Jaemin agaknya tidak keberatan sama sekali, karena detik berikutnya ia berkata, “Dia bahkan enggak nonton sepak bola amerika. Aku tahu waktu aku ngajakin dia ngobrolin games kita bareng Bears, waktu kita dapat touch down di kuarter ke-dua selama dua kali berturut-turut, juga 10 yards run setelah itu. Terus dia malah nanya: apa itu end zone?”

Hah? Apa Jaemin sedang bercanda?

“Sebentar, dia enggak tahu apa itu end zone? Dan kamu masih suka sama dia?!”

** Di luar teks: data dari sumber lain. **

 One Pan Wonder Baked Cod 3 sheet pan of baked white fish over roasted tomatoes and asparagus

“Gemes banget, kan? Dia mau belajar kok. Aku tanya kenapa dia pake ngaku-ngaku sebagai penggemar Cowboys kalau sebenarnya dia bahkan enggak tahu apa-apa soal football? Dia malah narik topiku terus bilang kalau dia cuma pengen kelihatan punya selera yang sama denganku.”

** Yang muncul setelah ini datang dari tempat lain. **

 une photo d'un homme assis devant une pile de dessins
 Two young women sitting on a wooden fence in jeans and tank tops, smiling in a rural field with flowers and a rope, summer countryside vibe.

Pandangan Jeno kini teralih pada topi klub yang selalu Jaemin gunakan ke mana pun. Ada gambar bintang dengan garis biru; lambang yang merepresentasikan tim Dallas Cowboys. “Bung, dia suka sama kamu.”

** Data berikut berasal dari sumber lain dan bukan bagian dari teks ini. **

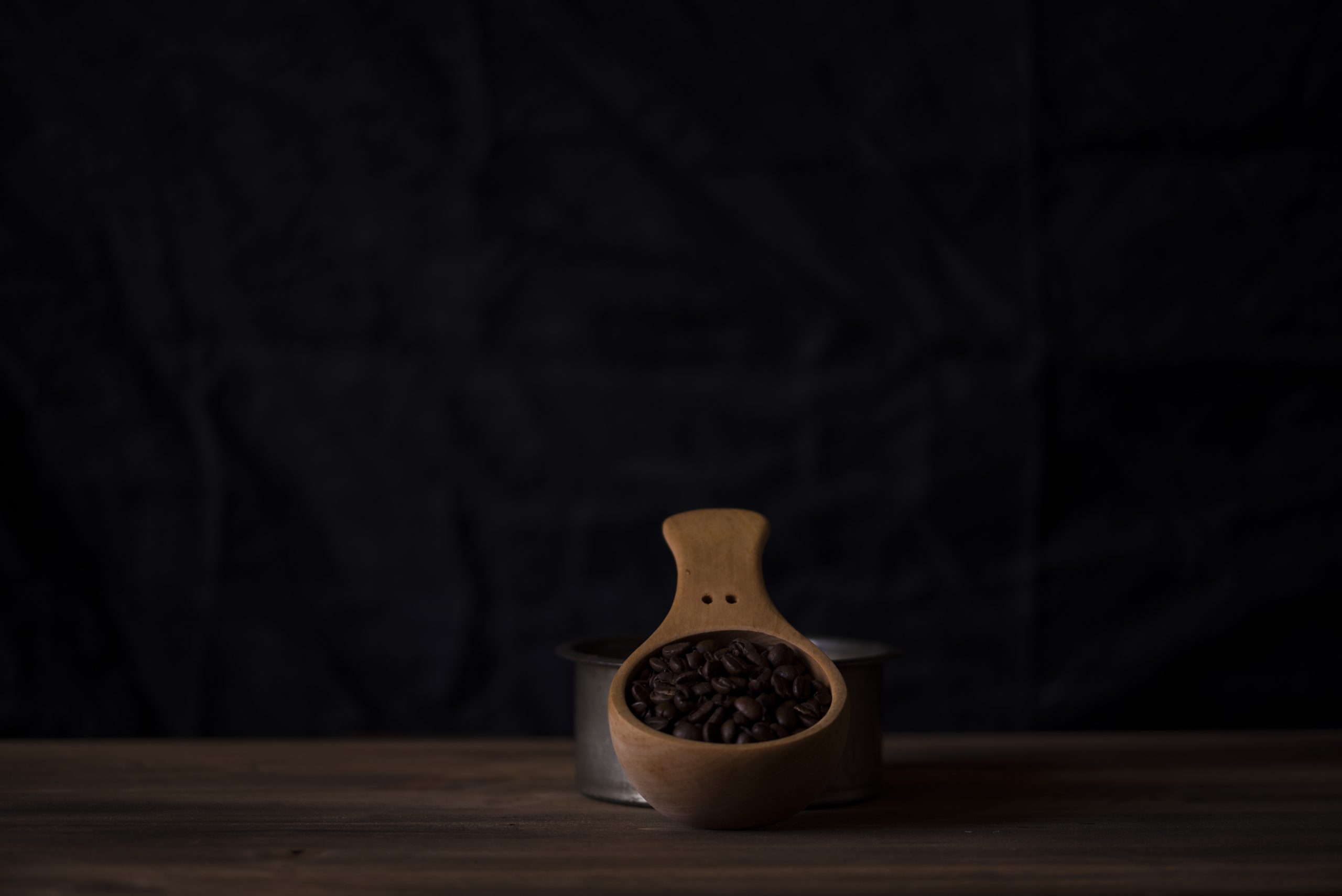 Dark roasted coffee beans in a wooden scoop against a dark backdrop, representing Boa Vista Natural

“Kayaknya dia pengen tahu aja? Dia suka olahraga kok. Mengingat dia juga fans Cubs, kayaknya dia memang penasaran soal football.

“Enggak, kamu enggak ngerti,” Jeno berusaha menelan potongan fudge yang mulai menyumbat tenggorokan karena lupa dikunyah. “Dia suka sama kamu. Bukan sama tim olahraga yang kamu suka.”

Jaemin mendengus geli, menyangkal ucapan Jeno dengan kibasan tangan. Lampu hijau sudah menyala, yang perlu Jaemin lakukan hanyalah menyeberang.

Jeno tidak tahu kalau sahabatnya bisa begitu lambat dalam mengambil tindakan. Dia perlu turun tangan; mengunjungi Honeyluu dan mencari tahu siapa tambatan hati Jaemin lalu membuat mereka jadian. Tapi pertama-tama, ia akan menghabiskan chocolate fudge ini terlebih dulu.

3

Jeno mengetik Honeyluu di aplikasi peta dalam jaringan. Ada dua café mengusung nama yang sama; satu bertempat di Arlington dan satu lagi di Frisco. Jeno sedkit kaget karena Honeyluu (yang biasa Jaemin datangi di Frisco, tentu saja) hanya berjarak 20 menit jalan kaki dari apartemennya.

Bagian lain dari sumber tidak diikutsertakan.